Pasal 143
BAB 2 —
(1) Penolakan akseptasi atau pembayaran harus ditetapkan dengan akta otentik (protes nonakseptasi atau nonpembayaran). (2) Protes nonakseptasi harus diselenggarakan dalam jangka waktu yang ditetapkan untuk pengajuan untuk akseptasi. Bila dalam hal seperti yang diatur dalam pasal 123 alinea pertama, pengajuan pertama dilakukan pada hari terakhir dari jangka waktu itu, maka protes itu masih dapat dilakukan pada hari berikutnya. (3) Protes nonpembayaran suatu surat wesel yang harus dibayar pada hari tertentu, atau pada waktu tertentu setelah hari tanggalnya atau setelah pengunjukan, harus dilakukan pada salah satu dari dua hari kerja yang berikut dari hari surat wesel itu harus dibayar.
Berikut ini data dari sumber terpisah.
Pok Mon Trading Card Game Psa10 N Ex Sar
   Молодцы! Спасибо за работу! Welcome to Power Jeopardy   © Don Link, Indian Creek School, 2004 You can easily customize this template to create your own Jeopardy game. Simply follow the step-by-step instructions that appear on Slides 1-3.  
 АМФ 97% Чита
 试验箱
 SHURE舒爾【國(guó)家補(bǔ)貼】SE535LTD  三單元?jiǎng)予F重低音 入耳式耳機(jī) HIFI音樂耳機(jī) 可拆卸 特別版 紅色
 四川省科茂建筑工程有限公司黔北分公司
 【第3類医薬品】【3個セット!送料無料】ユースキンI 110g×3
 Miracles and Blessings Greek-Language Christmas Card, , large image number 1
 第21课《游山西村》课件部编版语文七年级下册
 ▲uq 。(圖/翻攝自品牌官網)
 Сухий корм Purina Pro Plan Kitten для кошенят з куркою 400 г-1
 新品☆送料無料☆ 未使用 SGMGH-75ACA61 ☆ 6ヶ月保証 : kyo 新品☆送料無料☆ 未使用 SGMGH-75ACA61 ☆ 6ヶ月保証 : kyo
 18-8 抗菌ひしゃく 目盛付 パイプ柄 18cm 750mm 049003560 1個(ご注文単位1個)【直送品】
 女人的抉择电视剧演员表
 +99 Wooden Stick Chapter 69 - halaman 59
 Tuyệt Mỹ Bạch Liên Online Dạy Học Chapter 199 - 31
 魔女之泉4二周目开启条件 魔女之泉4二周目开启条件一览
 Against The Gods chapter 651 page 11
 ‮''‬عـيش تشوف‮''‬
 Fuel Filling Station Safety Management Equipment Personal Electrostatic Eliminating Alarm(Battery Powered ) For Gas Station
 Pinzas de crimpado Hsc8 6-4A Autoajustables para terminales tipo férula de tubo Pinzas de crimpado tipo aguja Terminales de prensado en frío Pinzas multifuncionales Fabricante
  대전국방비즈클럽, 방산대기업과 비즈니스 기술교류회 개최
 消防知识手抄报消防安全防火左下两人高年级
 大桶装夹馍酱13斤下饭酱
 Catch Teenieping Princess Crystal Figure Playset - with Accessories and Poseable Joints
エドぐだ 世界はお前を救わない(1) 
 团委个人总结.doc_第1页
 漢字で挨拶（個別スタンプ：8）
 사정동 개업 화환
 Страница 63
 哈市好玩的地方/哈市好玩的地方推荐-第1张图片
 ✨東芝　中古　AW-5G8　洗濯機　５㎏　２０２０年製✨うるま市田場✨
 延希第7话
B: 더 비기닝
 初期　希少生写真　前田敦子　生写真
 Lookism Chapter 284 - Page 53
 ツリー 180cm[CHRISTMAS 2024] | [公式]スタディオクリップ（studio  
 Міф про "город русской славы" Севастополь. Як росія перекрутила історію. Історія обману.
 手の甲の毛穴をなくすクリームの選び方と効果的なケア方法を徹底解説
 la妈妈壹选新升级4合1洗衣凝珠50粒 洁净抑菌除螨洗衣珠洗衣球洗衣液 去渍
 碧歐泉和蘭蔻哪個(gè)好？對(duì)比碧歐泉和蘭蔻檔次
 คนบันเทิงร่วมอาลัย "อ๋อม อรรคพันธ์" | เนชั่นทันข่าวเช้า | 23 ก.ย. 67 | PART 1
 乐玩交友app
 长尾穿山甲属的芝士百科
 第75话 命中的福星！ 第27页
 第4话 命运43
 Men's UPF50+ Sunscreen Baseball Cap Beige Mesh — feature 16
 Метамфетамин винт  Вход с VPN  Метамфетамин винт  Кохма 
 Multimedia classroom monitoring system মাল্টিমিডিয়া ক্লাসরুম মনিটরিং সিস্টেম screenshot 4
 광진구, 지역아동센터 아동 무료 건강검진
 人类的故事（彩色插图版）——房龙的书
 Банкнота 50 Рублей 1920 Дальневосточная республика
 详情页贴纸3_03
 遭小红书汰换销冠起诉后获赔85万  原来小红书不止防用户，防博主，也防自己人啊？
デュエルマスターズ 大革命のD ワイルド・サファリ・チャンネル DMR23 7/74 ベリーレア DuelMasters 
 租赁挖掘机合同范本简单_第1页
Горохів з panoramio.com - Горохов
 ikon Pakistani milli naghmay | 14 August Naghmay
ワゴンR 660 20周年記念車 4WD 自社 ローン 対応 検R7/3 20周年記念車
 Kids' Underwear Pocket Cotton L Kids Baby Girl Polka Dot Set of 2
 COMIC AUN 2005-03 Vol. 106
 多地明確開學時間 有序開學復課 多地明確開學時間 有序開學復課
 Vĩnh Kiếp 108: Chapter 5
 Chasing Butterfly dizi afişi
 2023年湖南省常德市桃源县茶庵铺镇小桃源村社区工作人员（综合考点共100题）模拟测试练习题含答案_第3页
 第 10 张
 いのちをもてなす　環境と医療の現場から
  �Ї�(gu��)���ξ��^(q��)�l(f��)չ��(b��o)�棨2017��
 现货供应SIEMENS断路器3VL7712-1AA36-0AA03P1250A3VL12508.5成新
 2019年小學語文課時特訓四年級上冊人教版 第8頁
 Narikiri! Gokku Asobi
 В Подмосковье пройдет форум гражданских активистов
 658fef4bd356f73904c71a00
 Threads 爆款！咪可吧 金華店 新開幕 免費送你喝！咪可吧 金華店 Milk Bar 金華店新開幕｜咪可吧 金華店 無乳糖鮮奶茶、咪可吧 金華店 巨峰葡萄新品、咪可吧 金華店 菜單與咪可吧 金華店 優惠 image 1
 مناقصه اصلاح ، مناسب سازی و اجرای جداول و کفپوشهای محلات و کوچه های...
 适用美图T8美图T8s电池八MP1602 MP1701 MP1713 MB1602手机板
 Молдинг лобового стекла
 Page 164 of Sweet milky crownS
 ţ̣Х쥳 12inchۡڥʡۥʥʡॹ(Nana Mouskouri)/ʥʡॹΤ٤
Bila ini mengenai surat wesel yang harus dibayar atas-tunjuk, maka protesnya harus dilakukan sesuai dengan ketentuan-ketentuan yang ditetapkan dalam alinea di atas untuk membuat protes nonakseptasi. (4) Protes nonakseptasi menjadikan Pengajuan untuk pembayaran dan protes nonpembayaran tidak perlu lagi. (5) Dalam pengangkatan para pengurus atas permintaan tertarik, akseptasi atau bukan akseptan, untuk penundaan pembayaran, maka pemegangnya tidak dapat melakukan hak regresnya, sebelum surat wesel itu diajukan kepada tertarik untuk pembayaran dan dibuat protes. (6) Bila tertarik, akseptan atau bukan akseptan, telah dinyatakan pailit, atau bila penarik surat wesel yang tidak dapat dimintakan akseptasi, dinyatakan pailit, maka untuk melakukan hak regresnya, pemegangnya cukup dengan memperlihatkan keputusan hakim, di mana dinyatakan kepailitan itu.